Senator Muskie got it pretty
bad from CREEP. "At a Florida rally for
Democratic contender George
Wallace of Alabama, they distributed more than one
thousand anti-Wallace
cards that purported to come from the Muskie Camp. One
side, the cards read,
IF YOU LIKED HITLER, YOU’LL JUST LOVE WALLACE. On the
other side, they read,
CAST YOUR VOTE FOR SENATOR EDMUND MUSKIE." (116) When
in fact the Muskie
organization had nothing to do with the cards. During another
occasion,
"Kelly sneaked into a Muskie news conference and released two white
mice
whose tails were bedecked with ribbons reading, MUSKIE IS A RAT FINK"
(115).
"Kelly also once hired a young woman to run naked outside Muskie’s
hotel room
while shouting, ‘I love Ed Muskie’ " (115). The attacks
didn’t stop there.
they went on and on. Segretti and Benz even got Senator
Humphrey one good
time. They went and distributed phony invitations, to black
communities in
Milwaukee, to a free all you can eat lunch with beer and wine,
and several
special guests. when in fact the supposed lunch was non existent
(118).
Nixon’s committees were also deeply involved in the cover-up and
destroyed
allot of evidence. "Within hours of the burglars’ arrest, G.
Gordon Liddy
showed up at the CREEP office and began destroying his confidential
files on
the political-spying operation" (150). Also, Howard Hunt’s safe in
his office
was drilled open and it contained, among other things, bugging
equipment, a
revolver, a psychological profile of Daniel J. Ellsberg, leakier of
the
pentagon papers, a state department cable that had been faked to make
it
appear that president John F. Kennedy had ordered the murder of president
Ngo
Dinh Diem of South Vietnam (Heritage 30). John Ehrlichman (the
presidents chief
domestic affairs advisor) told John Dean to throw the
"sensitive materials"
over the Potomac river and at night to shred the
paperwork (30).Also, L. Patrick
Gray, acting FBI director destroyed the
documents from Hunts safe and withheld
word of there existence (Dorman 157).
Nixon’s chief aid, H. R. Haldman, also
destroyed files which might prove to
be potentially dangerous (157). As more
problems came along, more pressure
was being put on the men in jail to keep
quiet. CREEP agreed to pay the men
about 400,000 dollars total, after a five
month period, of hush money. CREEP
did not have that much money, so they put a
down payment of 40,000 dollars,
which was to be divided amongst the men (170).

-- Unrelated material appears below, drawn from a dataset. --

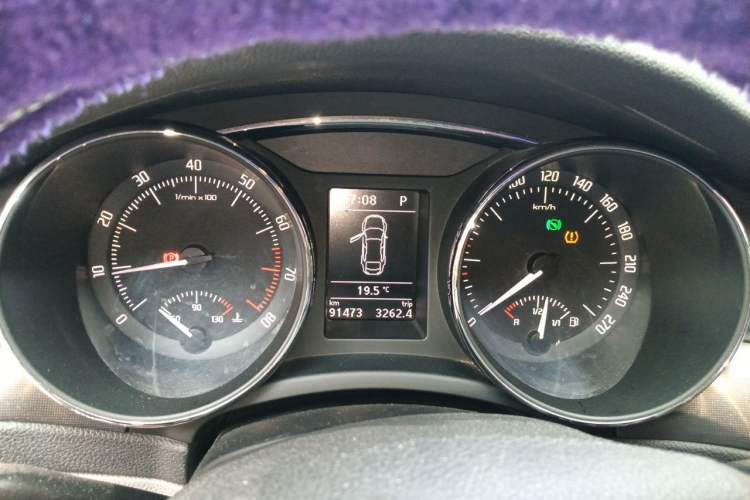 Used Skoda Superb 2013 1.8TSI Automatic MingShi Edition Instrument Cluster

Although Hunt was incensed
at receiving only partial payment, he made no new
threat to expose the
cover-up. The day after the payment was made, Mitchell met
at the white house
with Dean, Haldeman, and John Ehrlichman. he told them that
Hunt was "not
a problem any more" (192) The Nixon committees also repeatedly
lied to the
country. John Mitchell issued a statement and flat out lied to the
country.
We have learned from news reports that a man identified as employed by
our
campaign committee was one of five persons arrested at the
Democratic
National committee headquarters. The person involved is the
proprietor of a
private security agency who was employed by our committee
months ago to assist
with the installation of our security system. He has, as
we understand it, a
number of business clients and interests and we have no
knowledge of those
relationships. we want to emphasize that this man and the
other people involved
were not operating either in our behalf or with our
consent. (158) The lies went
on and on, and the truth kept leaking out. The
president and his comities were
being exposed, and the presidency was
disgraced and all trust in the government
was lost. Some say, "Had a
uniformed officer in a marked car appeared and Hunt
gotten the warning
earlier, he probably would have been able to alert McCord and
the Miamians in
time for them to escape. The Watergate scandal--and its
subsequent enrichment
of our language--would never have happened." (Heritage
42). However, it
did happen, and anyone old enough to read at that time, will
never forget the
story of Watergate. The story of lies and corruption in the
government. The
scandal that will forever be known as by far one of the worst
scandals in the
history of the United States Of America.